Rocky Elsom in full flight for Australia.
Rocky Elsom in full flight for Australia. SMP Images - Geoff Jones

Rocky off to Kobe

ROCKY Elsom's loss of form and back-to-back injuries over the last few years have been well documented in this column.

Since coming back from Europe in 2009, Elsom's form has been patchy at best, and ordinary at worst. You'd even question his worth to the Tahs, or any other super team.

But the funny thing about being a high-profile footy player with prior form is that more often than not, for a period at least, someone else will have use for you. And for a professional, that means another paid gig.

And so it is with Rocky. He's quite possibly played his last game in Australia and has been snapped up by Kobe Steel (member of the 14-team Japan Top League), for two years though to 2014.

The Japanese season follows the northern hemisphere timings of roughly September through March, which gives him time to recuperate and recover from his shoulder injury.

Sadly for us back in Australia we never got a chance to view Rocky at his best in this country. He played his best rugby overseas in the televisual wilderness, in the sense his games were not televised in Australia. As a result, Aussie rugby history will remember him as someone who never achieved his full potential.

We wish him all the best.

 

Will Foley coach the Tahs in 2013?

The Waratahs haven't had the best of years. And in the era of 'we want results! Now!', and boards being seen as proactive, something has to be done about it.

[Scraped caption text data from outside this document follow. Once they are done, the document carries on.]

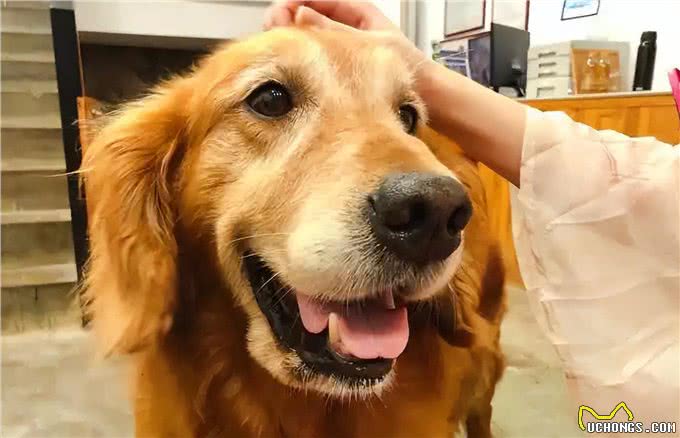 别被骗了!金毛犬的6大缺点，不是一般人能承受的
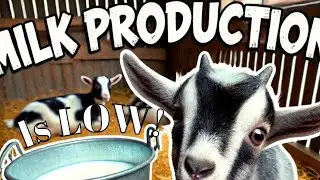 Hand milking goats, it DID NOT go well! New pasture/fence update.  First time hand milking this year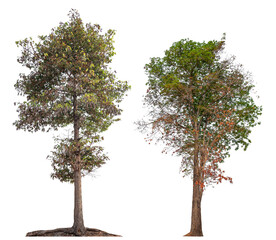 Poster - tree image dicut and removed original background, PNG transparent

Not only have the Tahs underperformed when it comes to winning, their style of play has not been received favourably by, well, anyone excepting possibly the coaching staff and the players. It's like the perfect storm of anti-sports marketing: losing ugly. Try selling that to the sport-entertainment marketplace. As a result, attendance at Waratah home games has dropped significantly, as has positive media coverage.

And attendance is a primary revenue stream for Super teams, and positive press goes a long way to enhance a sporting organisation's image in the marketplace. The Tahs board must address this as its chief responsibility.

As the most important rugby market in this country (just pipping Brisbane), Sydney is where we need to develop 'winning attractively' as the vision. I'd even go so far as to have the ARU mandate it as the vision for rugby in this country: the awarding of player and coaching contracts, coaching and player development programs, and even junior rules should all be created with this vision in mind.

And it would appear the Tahs' board is looking to be proactive in addressing the 'losing ugly' issue. Even though the franchise still has two games to go, coach Foley fronted the board this week to review the season, and no doubt tried to convince members he could address the issues and take the team forward.

On the issue of whether he can, your guess is as good as mine.